## [What you have to do]
A full, exact copy of the listing is needed, with images omitted.

## [Data below]
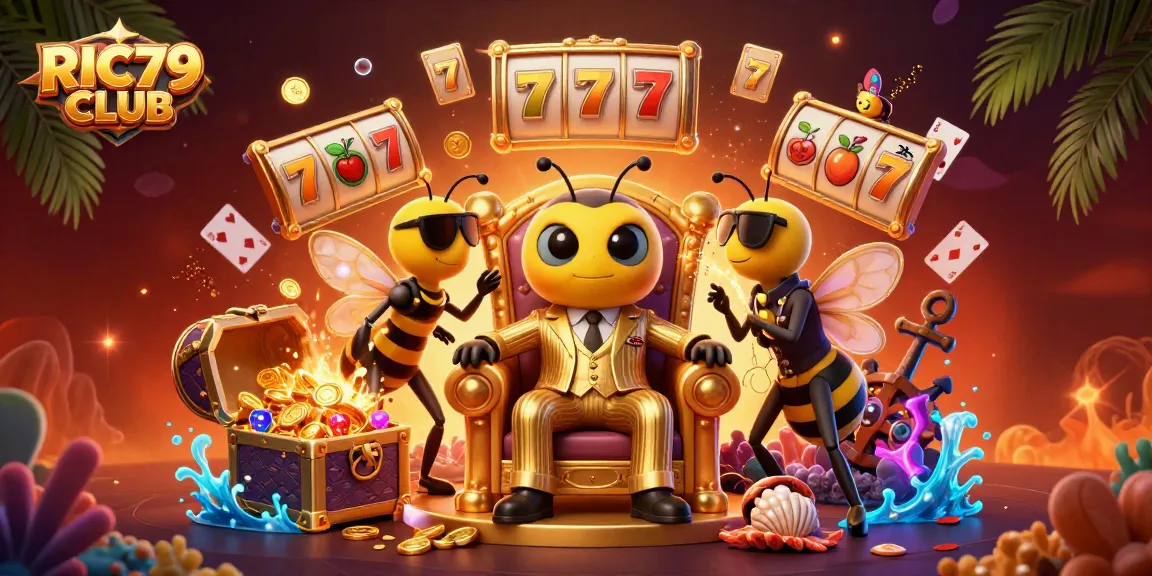 Join the fun at RIC79 CLUB with immersive casino-themed adventures featuring slot reels and vibrant characters.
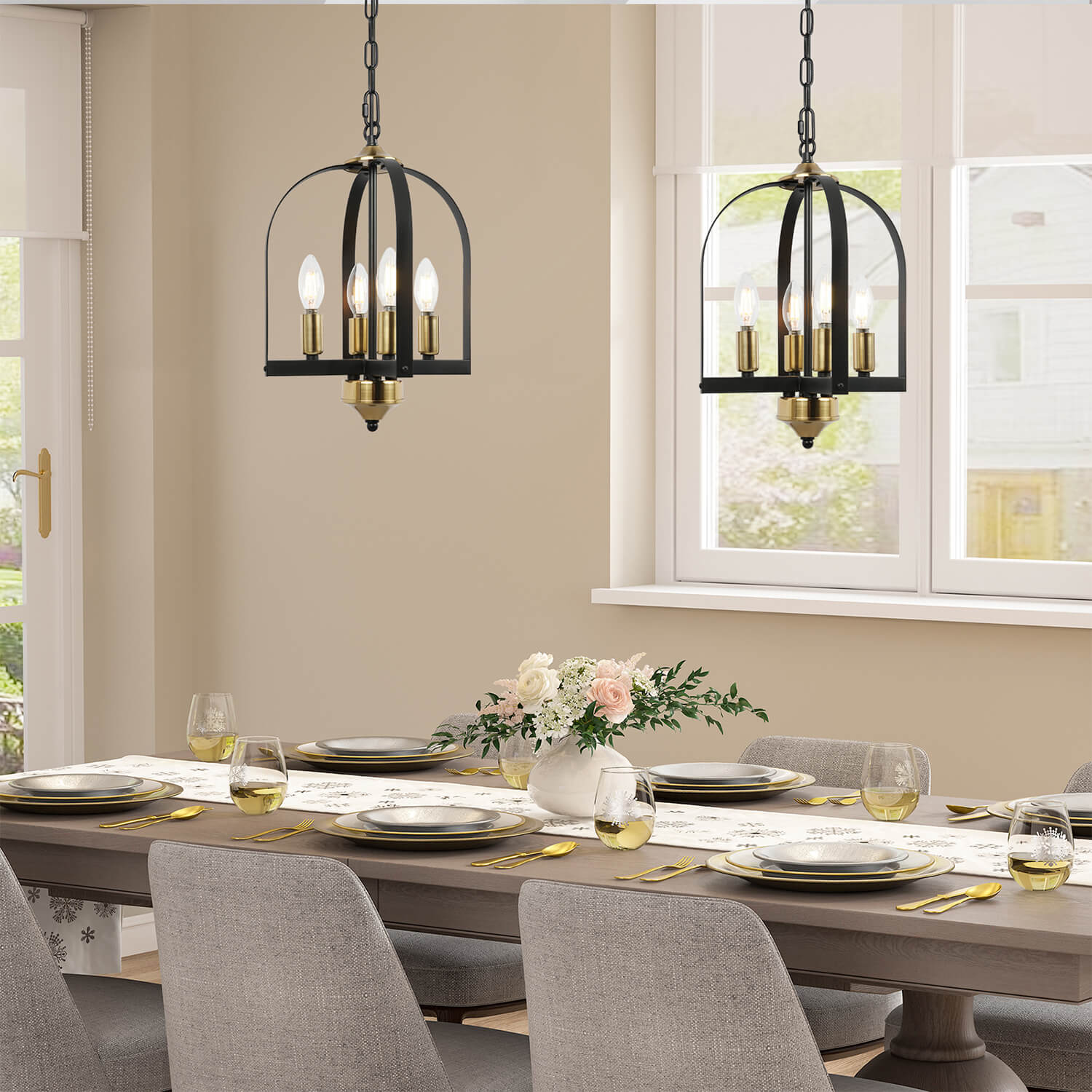 Birdcage Lamp Pair - Black & Gold Vintage Pendant Lights for Dining Table, Warm Ambience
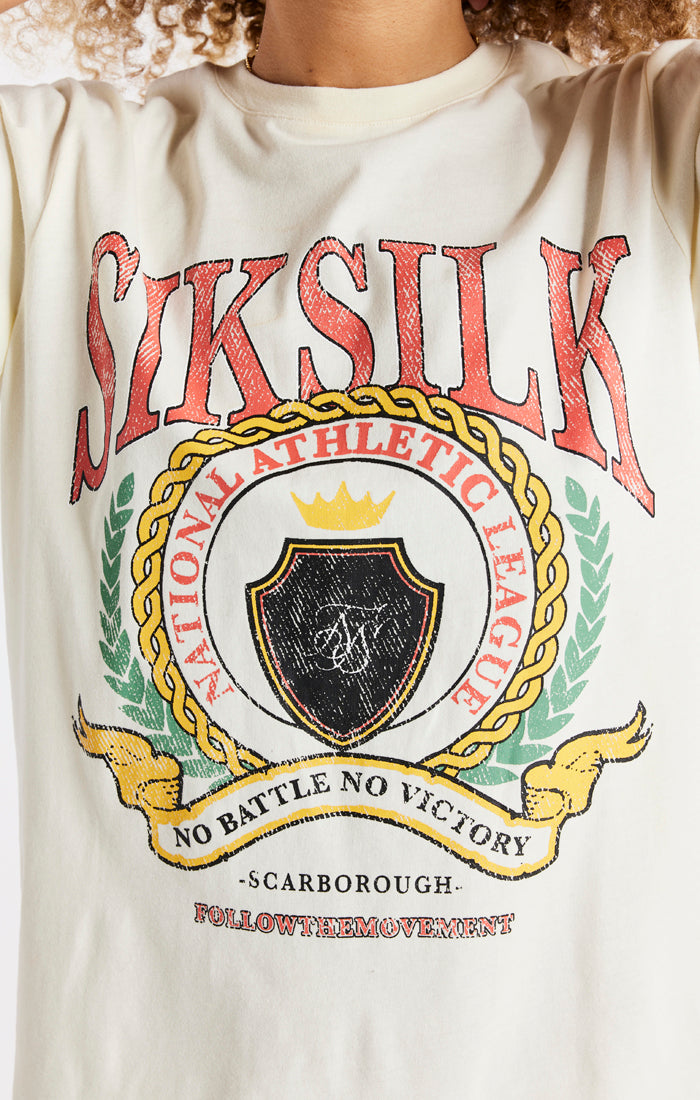 Laad de afbeelding in de Galerij viewer, SikSilk Varsity T-Shirt Dress - Ecru (2)
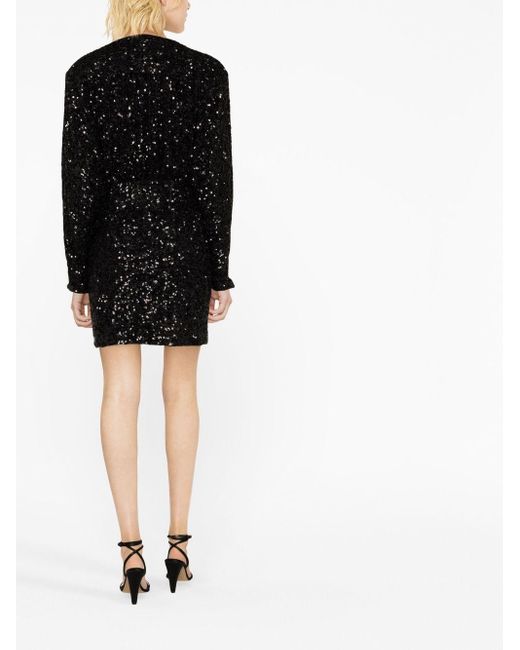 ROTATE BIRGER CHRISTENSEN Black Long-Sleeved Deep V Dress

## [Answer to the exercise]
 Join the fun at RIC79 CLUB with immersive casino-themed adventures featuring slot reels and vibrant characters.
 Birdcage Lamp Pair - Black & Gold Vintage Pendant Lights for Dining Table, Warm Ambience
 Laad de afbeelding in de Galerij viewer, SikSilk Varsity T-Shirt Dress - Ecru (2)
 ROTATE BIRGER CHRISTENSEN Black Long-Sleeved Deep V Dress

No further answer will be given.